Top of Records for this task

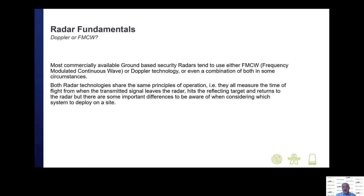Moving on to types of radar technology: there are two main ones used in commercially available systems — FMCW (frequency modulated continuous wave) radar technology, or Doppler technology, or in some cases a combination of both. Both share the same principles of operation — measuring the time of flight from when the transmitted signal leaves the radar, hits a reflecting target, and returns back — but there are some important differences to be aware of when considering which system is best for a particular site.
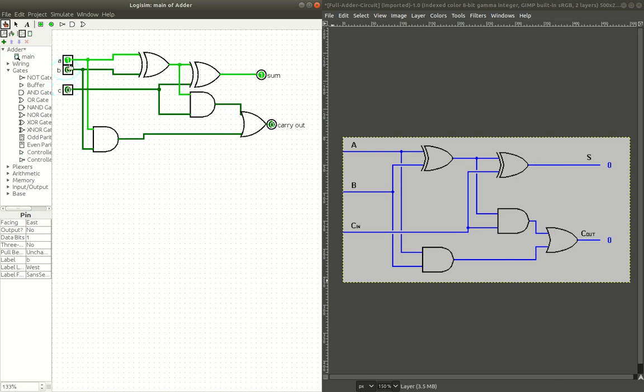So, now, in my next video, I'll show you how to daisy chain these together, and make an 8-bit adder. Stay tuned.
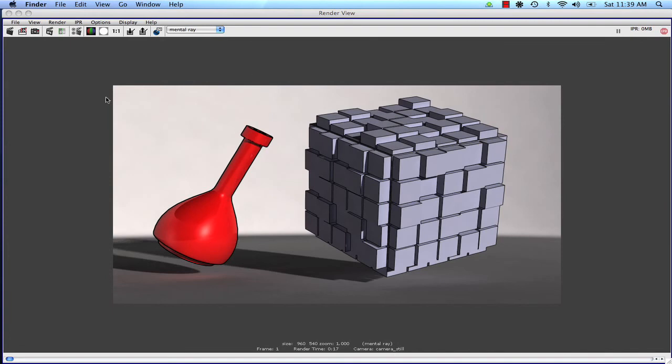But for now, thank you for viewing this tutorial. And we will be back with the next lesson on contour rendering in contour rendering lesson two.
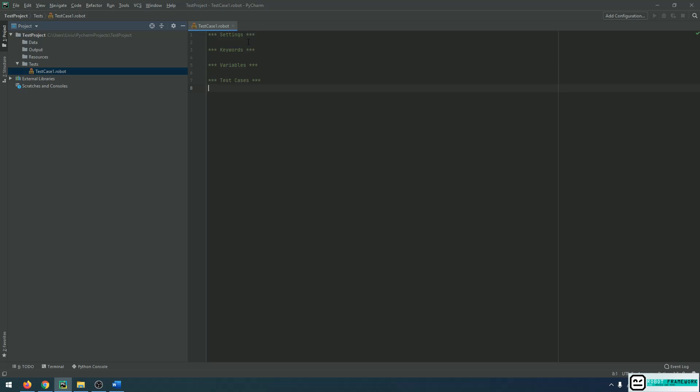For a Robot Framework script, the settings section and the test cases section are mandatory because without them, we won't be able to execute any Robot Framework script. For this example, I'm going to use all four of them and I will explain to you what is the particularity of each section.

Bottom of Records for this task
Top of Records for this task

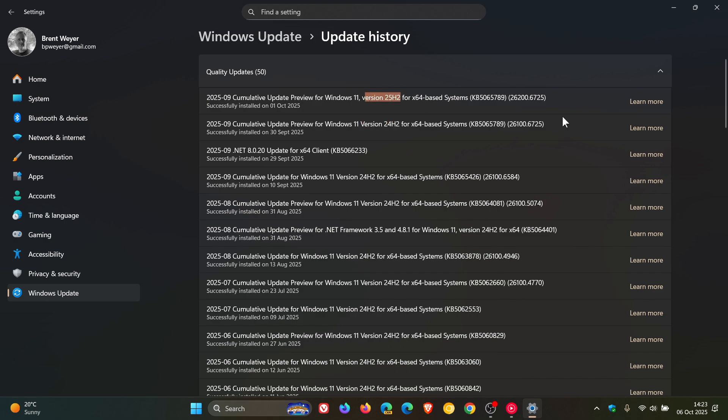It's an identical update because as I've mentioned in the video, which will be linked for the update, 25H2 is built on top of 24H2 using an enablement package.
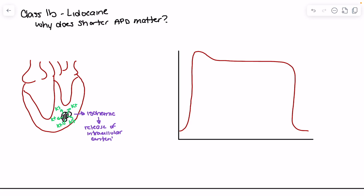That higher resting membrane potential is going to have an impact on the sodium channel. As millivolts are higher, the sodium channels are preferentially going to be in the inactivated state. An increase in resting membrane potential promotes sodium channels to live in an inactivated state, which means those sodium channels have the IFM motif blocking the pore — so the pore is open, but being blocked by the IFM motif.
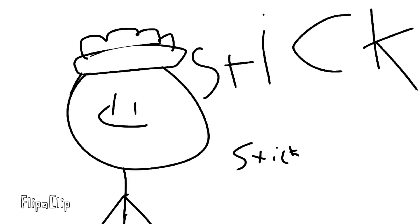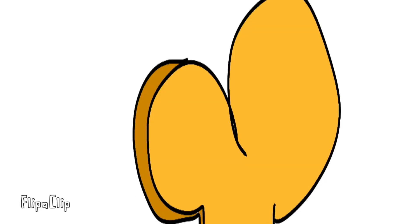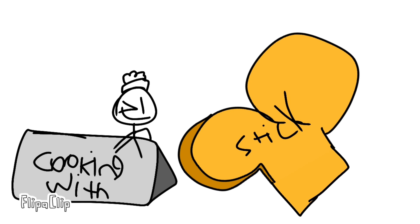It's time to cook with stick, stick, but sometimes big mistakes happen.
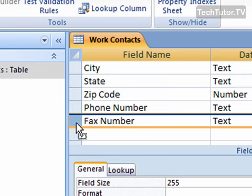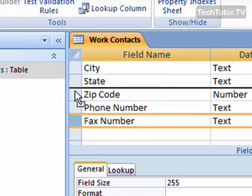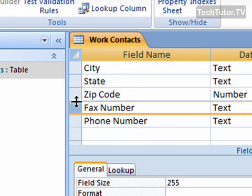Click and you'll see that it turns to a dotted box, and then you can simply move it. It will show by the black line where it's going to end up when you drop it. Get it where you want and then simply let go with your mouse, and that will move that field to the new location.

Bottom of Records for this task

Problem details: All that is wanted is the lines above between the one containing "It's time to" and the one containing "Click and you'll", inclusive, restated word for word, with pictures omitted.

Written answer:
It's time to cook with stick, stick, but sometimes big mistakes happen.
Click and you'll see that it turns to a dotted box, and then you can simply move it. It will show by the black line where it's going to end up when you drop it. Get it where you want and then simply let go with your mouse, and that will move that field to the new location.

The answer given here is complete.